Action item:
Every picture should be left out, but the lines below must be repeated exactly.

Collected material:

★ ★ ★ ★ ★

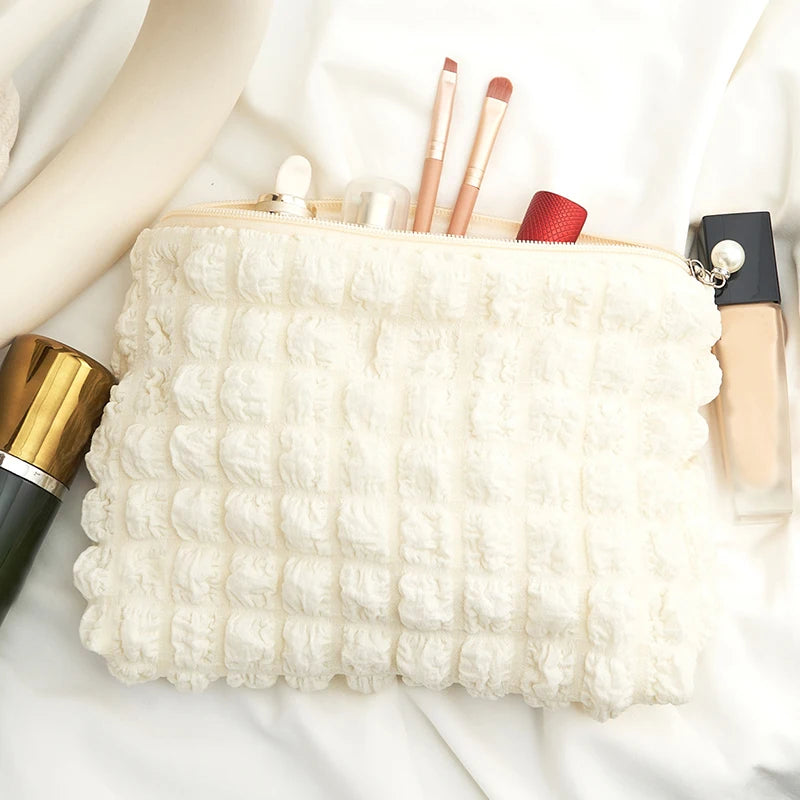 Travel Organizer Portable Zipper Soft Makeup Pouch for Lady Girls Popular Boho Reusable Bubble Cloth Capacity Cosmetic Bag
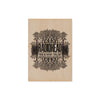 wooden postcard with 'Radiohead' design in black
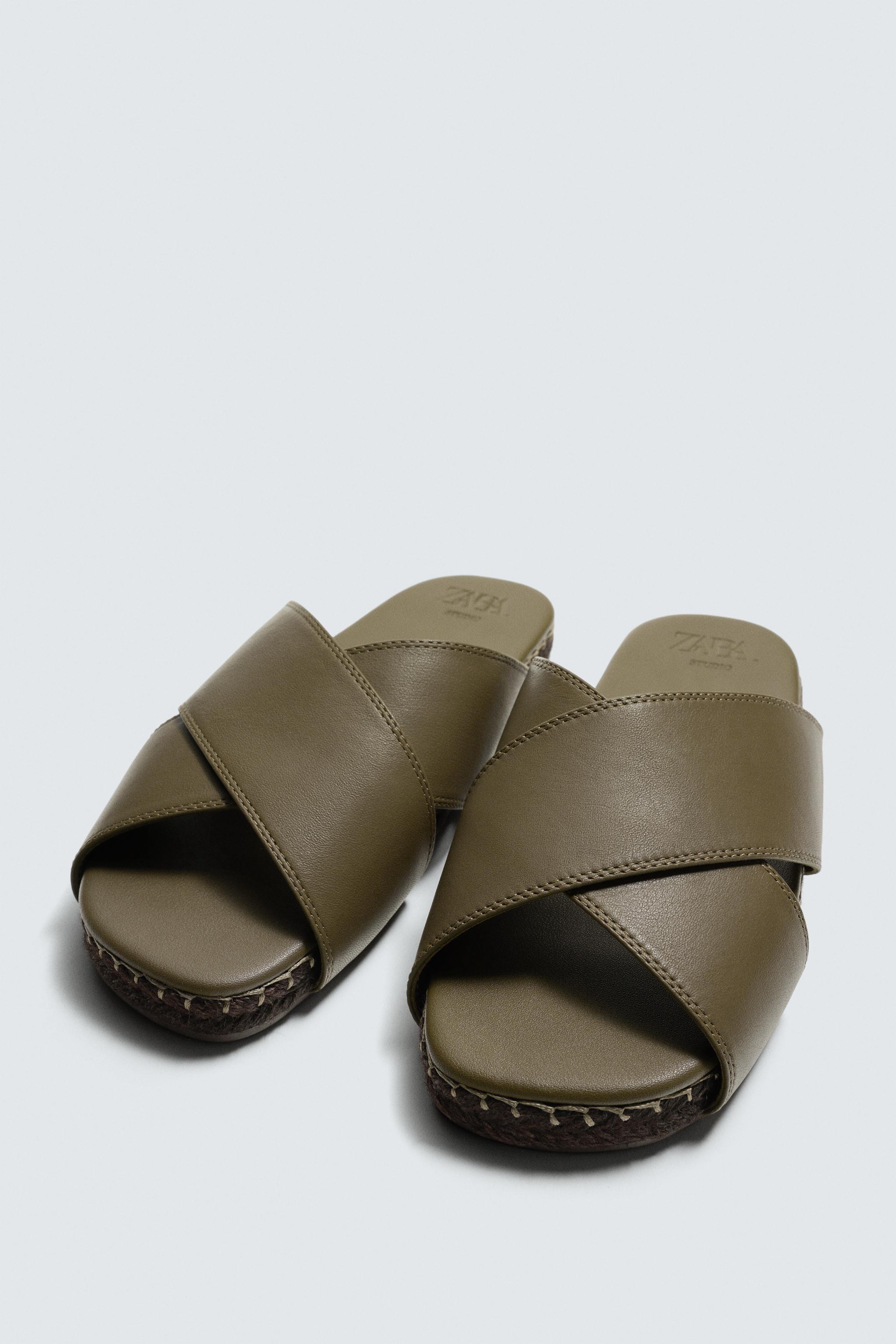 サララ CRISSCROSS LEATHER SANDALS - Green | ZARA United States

★ ★ ★ ★ ★

Response to the exercise:
 Travel Organizer Portable Zipper Soft Makeup Pouch for Lady Girls Popular Boho Reusable Bubble Cloth Capacity Cosmetic Bag
 wooden postcard with 'Radiohead' design in black
 サララ CRISSCROSS LEATHER SANDALS - Green | ZARA United States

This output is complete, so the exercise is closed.